CHAP Statement on the Site of the 1521 Easter Sunday Mass (26 February 2021)

March 18, 2021
Statement on the Site of the 1521 Easter Sunday Mass

Church Historians’ Association of the Philippines
Statement on NHCP Board Resolution No. 2, s. 2020
26 February 2021

Through the Episcopal Commission for the Cultural Heritage of the Church (ECCHC), the Catholic Bishops’ Conference of the Philippines (CBCP) asked the Church Historians’ Association of the Philippines (CHAP) to look into the issue of the first Easter Sunday Mass. Around that time, the National Historical Commission of the Philippines (NHCP) – through the National Quincentennial Committee (NQC) – invited the CBCP to participate in the “Mojares Panel,” which had been formed precisely to re-examine the case.

The NHCP-NQC initiative was warmly received, and the opportunity to cooperate and collaborate was deemed mutually beneficial, especially considering the lack of resources of the CBCP and the CHAP and the inherent difficulties involved in the undertaking. The CBCP-ECCHC designated Fr. Antonio Francisco B. de Castro, S.J., as its official representative to the Mojares Panel, assuming the seat in the name of Bishop Julito B. Cortes of Dumaguete. In honoring the NHCP invitation to the Mojares Panel, the CBCP-ECCHC sent its Church History Team – whose members offered their comments at the Panel’s instance – as observers.

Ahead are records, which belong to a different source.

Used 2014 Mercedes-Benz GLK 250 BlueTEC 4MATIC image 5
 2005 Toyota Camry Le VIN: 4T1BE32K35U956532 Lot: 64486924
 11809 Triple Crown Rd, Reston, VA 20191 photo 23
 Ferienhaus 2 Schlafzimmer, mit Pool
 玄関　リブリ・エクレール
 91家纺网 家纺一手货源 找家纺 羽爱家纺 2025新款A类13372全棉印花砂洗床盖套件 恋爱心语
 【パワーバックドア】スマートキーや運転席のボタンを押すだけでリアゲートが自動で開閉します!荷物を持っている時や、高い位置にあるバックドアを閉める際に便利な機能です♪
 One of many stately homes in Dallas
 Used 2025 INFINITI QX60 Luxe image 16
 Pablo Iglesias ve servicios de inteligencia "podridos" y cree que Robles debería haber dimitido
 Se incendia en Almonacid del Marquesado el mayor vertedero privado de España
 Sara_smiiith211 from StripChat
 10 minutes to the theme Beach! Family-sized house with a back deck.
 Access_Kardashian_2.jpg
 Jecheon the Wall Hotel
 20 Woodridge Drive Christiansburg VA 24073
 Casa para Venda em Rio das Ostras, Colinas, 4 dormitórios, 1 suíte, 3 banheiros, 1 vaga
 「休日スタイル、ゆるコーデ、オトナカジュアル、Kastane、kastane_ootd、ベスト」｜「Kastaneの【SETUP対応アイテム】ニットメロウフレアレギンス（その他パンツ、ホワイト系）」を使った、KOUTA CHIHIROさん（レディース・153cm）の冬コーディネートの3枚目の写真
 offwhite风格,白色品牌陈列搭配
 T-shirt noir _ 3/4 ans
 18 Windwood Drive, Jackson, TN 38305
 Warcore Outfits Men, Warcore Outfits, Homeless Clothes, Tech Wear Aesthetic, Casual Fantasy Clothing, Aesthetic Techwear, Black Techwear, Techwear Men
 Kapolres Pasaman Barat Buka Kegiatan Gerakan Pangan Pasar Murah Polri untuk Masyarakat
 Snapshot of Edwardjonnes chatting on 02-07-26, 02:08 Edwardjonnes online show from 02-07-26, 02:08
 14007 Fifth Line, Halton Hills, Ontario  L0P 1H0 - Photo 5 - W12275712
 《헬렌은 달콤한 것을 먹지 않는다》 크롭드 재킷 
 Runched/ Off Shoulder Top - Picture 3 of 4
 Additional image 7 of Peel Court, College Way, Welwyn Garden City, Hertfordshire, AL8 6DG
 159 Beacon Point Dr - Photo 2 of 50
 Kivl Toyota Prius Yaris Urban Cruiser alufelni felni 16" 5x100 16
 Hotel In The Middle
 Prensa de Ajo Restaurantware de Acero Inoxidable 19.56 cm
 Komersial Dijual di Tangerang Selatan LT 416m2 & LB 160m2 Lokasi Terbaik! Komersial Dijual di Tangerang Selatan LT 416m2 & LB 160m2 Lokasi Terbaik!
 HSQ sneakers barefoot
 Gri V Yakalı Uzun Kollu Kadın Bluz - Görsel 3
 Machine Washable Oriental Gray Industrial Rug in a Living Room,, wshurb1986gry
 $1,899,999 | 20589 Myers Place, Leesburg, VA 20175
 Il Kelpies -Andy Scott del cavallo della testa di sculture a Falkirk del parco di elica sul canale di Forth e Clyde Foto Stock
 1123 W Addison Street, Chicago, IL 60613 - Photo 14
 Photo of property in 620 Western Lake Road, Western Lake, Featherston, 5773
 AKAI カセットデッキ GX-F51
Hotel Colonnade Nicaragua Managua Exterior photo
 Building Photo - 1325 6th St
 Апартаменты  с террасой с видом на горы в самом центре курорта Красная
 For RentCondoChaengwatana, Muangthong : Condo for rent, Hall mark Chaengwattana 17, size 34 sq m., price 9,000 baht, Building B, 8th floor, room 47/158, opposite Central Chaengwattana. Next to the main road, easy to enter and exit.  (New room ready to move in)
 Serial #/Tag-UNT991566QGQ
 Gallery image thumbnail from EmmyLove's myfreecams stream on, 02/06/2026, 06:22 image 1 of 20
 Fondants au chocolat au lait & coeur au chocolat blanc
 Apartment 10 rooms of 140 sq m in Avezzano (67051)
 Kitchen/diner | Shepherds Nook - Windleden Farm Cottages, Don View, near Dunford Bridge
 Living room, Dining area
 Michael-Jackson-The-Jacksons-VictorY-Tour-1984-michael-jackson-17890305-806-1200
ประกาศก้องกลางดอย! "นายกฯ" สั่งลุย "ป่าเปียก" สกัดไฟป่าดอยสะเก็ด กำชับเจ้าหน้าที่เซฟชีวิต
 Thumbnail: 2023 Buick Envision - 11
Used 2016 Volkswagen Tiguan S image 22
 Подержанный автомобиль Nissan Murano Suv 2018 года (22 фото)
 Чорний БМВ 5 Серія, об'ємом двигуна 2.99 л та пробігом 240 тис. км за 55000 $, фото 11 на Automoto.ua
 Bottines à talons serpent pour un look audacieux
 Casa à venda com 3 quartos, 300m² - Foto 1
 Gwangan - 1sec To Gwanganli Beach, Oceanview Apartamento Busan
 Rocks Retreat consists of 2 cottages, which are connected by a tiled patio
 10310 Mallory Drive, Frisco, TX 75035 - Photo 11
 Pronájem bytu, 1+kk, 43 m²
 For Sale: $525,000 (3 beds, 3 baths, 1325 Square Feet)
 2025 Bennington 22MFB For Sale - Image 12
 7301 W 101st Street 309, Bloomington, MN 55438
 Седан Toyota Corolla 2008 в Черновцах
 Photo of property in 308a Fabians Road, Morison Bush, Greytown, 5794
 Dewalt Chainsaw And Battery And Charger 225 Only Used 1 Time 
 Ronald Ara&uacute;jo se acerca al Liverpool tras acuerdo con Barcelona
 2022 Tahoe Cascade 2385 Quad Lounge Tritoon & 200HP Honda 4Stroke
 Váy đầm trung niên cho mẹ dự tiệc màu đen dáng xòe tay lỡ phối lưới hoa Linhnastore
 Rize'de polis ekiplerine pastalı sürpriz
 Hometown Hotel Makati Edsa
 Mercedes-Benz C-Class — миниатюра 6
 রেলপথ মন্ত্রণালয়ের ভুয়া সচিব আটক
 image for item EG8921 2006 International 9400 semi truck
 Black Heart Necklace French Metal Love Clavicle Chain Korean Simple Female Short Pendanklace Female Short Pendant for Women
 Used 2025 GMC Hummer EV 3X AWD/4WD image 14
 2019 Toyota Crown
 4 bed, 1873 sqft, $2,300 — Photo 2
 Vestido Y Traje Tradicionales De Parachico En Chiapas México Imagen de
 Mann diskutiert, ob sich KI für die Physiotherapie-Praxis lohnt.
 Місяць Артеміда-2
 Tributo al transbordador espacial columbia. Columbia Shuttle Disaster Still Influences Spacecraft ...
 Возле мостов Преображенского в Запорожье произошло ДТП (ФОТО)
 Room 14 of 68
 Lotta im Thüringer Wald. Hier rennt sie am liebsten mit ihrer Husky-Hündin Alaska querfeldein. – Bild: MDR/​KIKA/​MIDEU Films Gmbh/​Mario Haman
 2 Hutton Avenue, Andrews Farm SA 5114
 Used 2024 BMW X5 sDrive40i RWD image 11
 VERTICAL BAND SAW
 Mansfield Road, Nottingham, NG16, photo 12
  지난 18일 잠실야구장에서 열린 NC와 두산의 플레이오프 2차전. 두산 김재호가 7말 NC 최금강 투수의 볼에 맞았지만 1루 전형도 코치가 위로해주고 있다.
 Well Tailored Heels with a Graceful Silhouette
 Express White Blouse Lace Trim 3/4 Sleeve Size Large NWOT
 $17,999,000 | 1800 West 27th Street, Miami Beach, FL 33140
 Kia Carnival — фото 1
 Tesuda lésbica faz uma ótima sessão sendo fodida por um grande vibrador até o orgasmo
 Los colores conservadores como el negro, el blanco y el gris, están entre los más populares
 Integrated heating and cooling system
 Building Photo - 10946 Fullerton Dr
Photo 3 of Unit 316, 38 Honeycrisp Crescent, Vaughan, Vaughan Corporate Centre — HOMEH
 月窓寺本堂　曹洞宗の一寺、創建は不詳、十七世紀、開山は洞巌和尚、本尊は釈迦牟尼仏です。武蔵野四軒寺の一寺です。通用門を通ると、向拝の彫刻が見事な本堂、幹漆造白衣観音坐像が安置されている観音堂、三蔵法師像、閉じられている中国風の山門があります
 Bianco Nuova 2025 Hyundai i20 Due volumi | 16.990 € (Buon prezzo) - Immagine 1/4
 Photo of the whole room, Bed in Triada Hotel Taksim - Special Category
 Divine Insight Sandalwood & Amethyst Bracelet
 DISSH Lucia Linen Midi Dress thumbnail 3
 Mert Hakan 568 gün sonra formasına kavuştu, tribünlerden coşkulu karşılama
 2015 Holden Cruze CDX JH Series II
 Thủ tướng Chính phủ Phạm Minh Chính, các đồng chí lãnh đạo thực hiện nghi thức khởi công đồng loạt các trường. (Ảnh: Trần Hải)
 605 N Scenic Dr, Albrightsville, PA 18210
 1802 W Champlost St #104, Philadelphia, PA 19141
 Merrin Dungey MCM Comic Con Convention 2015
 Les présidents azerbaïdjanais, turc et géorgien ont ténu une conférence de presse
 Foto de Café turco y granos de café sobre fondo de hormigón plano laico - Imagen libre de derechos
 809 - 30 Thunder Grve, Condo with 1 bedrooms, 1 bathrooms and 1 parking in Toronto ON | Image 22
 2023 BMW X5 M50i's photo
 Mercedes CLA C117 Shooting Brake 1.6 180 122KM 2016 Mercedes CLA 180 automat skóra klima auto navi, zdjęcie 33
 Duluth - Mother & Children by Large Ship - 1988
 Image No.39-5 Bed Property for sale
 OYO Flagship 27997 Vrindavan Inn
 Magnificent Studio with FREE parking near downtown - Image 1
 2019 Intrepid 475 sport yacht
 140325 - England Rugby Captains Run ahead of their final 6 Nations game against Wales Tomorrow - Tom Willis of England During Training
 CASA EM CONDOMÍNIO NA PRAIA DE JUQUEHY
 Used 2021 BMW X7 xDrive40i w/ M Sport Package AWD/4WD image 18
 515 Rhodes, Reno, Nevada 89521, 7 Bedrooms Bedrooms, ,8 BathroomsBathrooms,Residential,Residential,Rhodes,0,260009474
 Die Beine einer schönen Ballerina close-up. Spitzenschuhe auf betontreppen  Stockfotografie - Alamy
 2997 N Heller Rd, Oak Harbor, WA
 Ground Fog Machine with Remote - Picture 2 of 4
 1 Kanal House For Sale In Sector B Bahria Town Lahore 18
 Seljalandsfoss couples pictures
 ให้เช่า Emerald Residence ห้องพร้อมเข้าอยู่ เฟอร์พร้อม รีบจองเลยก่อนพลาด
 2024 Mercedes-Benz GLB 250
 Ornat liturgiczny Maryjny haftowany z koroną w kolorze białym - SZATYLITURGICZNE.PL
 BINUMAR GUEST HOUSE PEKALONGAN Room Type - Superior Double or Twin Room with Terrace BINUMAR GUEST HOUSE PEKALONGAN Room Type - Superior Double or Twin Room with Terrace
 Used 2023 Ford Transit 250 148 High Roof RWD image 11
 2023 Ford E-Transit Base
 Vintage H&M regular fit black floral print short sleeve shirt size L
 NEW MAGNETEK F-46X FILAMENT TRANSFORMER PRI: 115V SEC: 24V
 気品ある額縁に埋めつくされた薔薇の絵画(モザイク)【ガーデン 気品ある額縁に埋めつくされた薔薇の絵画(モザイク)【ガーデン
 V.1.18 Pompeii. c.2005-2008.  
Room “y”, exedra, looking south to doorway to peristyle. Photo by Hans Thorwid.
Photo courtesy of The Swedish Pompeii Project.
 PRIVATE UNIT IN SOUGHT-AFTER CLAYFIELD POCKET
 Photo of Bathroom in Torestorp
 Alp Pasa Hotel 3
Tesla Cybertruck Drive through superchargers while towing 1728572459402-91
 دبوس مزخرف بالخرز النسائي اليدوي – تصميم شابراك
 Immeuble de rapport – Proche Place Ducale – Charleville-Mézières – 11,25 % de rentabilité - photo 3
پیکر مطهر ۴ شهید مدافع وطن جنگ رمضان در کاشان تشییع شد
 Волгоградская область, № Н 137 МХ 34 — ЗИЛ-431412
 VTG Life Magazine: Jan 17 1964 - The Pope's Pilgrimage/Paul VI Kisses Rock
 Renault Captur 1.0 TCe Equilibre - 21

On 15 July 2020, the Board of Commissioners of the NHCP issued Resolution No. 2, adopting “the recommendation of the Mojares Panel that the 1521 Easter Sunday mass in the Philippines took place in Limasawa, Southern Leyte.”

We concur with the position expressed by the NHCP in its resolution. We believe that the Mojares Panel studied the matter, following the demands and norms of the historical discipline. We agree with its findings. The evidence currently available suggests Limasawa, Southern Leyte, as the site of the first Easter Sunday Mass. The scholarly consensus at present likewise supports this position.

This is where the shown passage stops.